== Work task ==
The response must consist of the lines below from the one with "tvs sport scooty" through the one with "Flight cases micros", exactly as they appear and with both ends kept.

== Data in this exercise ==
# # # # #
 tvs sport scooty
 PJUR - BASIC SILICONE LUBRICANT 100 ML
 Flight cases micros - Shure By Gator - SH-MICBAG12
# # # # #
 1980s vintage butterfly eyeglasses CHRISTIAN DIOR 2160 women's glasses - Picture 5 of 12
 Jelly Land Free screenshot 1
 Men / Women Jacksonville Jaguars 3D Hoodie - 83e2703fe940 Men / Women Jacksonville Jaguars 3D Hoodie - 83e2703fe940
# # # # #
== Result of this exercise ==
 tvs sport scooty
 PJUR - BASIC SILICONE LUBRICANT 100 ML
 Flight cases micros - Shure By Gator - SH-MICBAG12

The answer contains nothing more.